Segment Start: DATA FOR THIS TASK
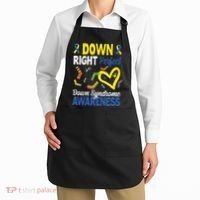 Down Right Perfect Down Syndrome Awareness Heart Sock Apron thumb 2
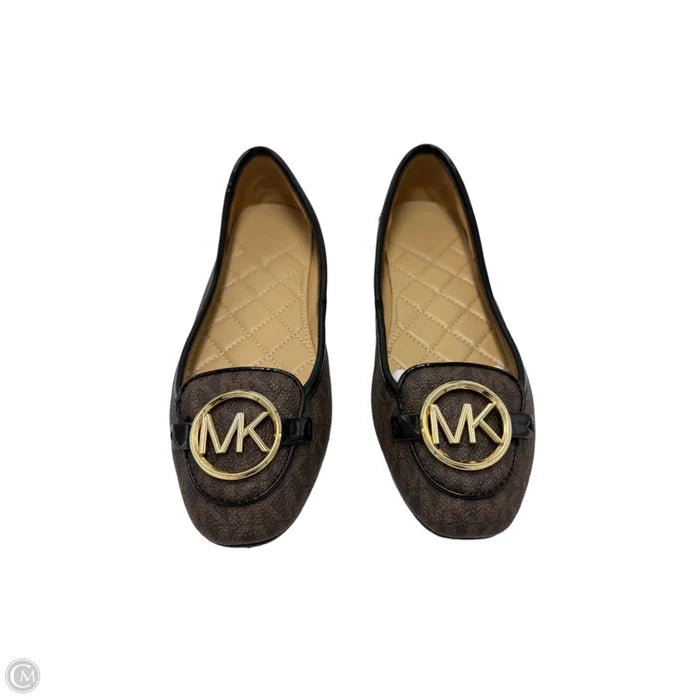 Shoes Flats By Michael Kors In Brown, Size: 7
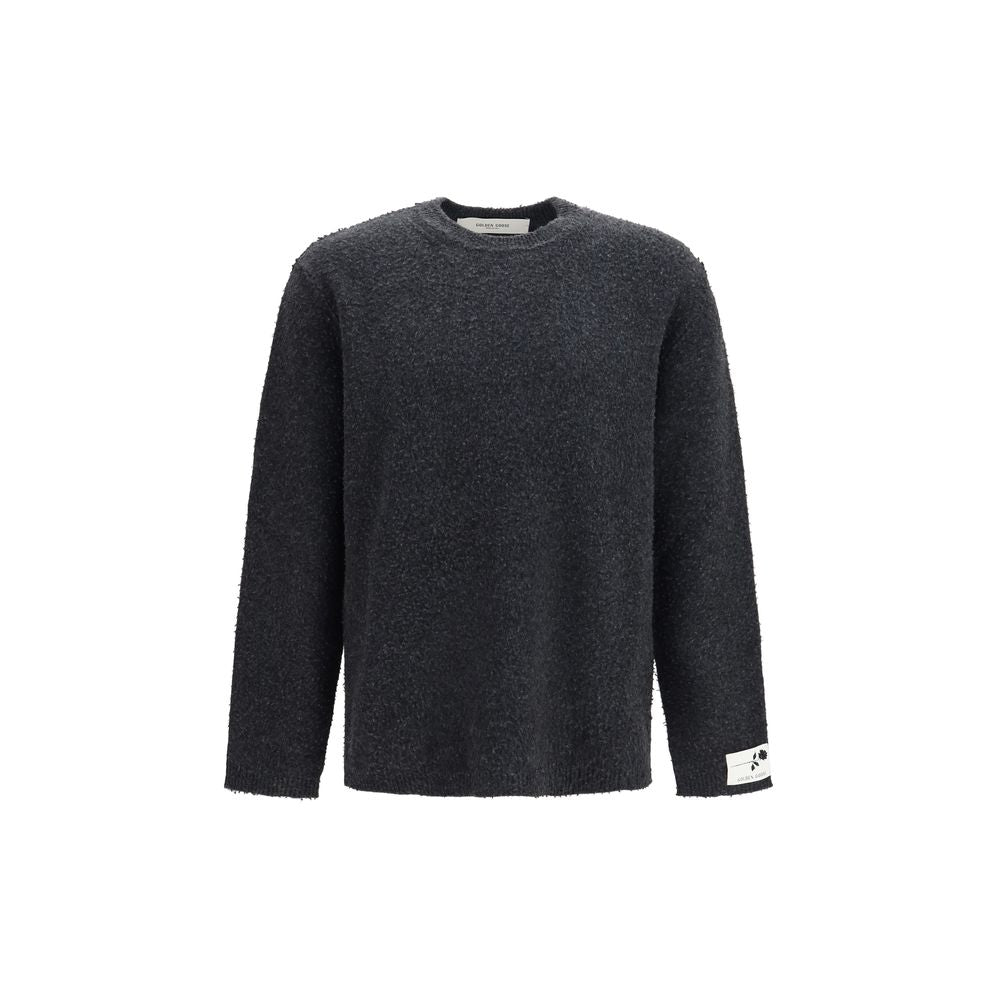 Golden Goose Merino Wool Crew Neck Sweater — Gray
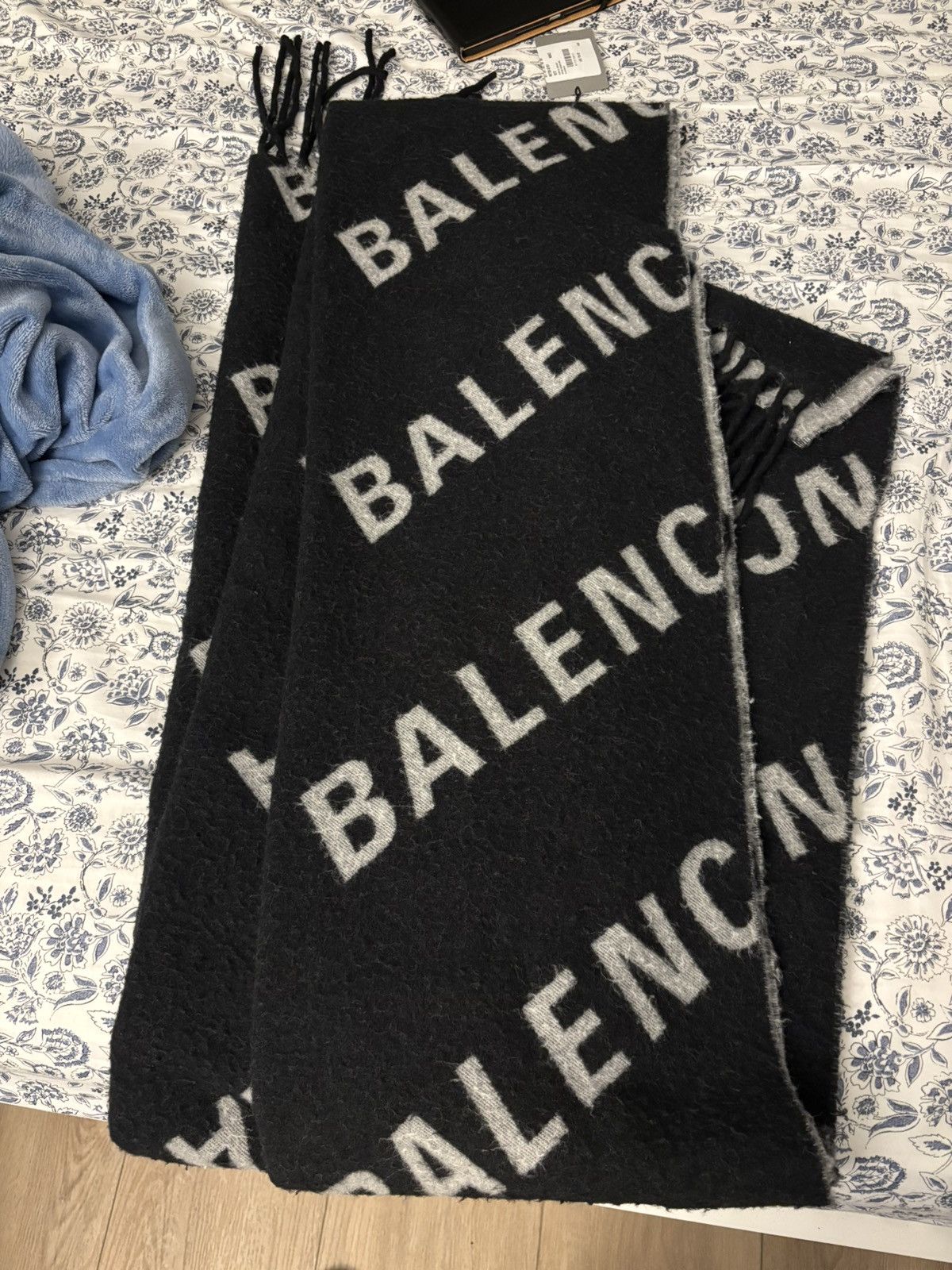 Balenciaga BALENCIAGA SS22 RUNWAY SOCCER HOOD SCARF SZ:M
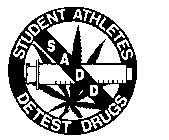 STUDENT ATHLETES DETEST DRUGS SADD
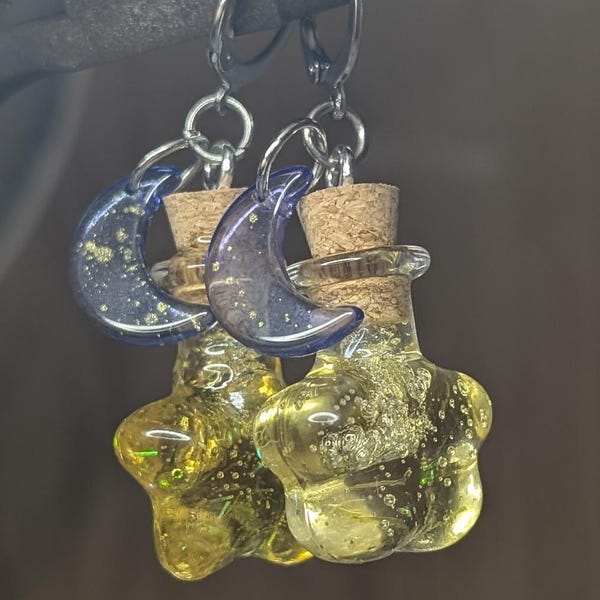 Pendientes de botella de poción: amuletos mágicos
Segment End: DATA FOR THIS TASK
▶ _WHAT IS EXPECTED_
All lines from the one bearing "Shoes Flats By" through the last line of the records, and only those, should be duplicated exactly; no picture belongs in the copy.

▶ _ANSWER TO THE PROBLEM_
 Shoes Flats By Michael Kors In Brown, Size: 7
 Golden Goose Merino Wool Crew Neck Sweater — Gray
 Balenciaga BALENCIAGA SS22 RUNWAY SOCCER HOOD SCARF SZ:M
 STUDENT ATHLETES DETEST DRUGS SADD
 Pendientes de botella de poción: amuletos mágicos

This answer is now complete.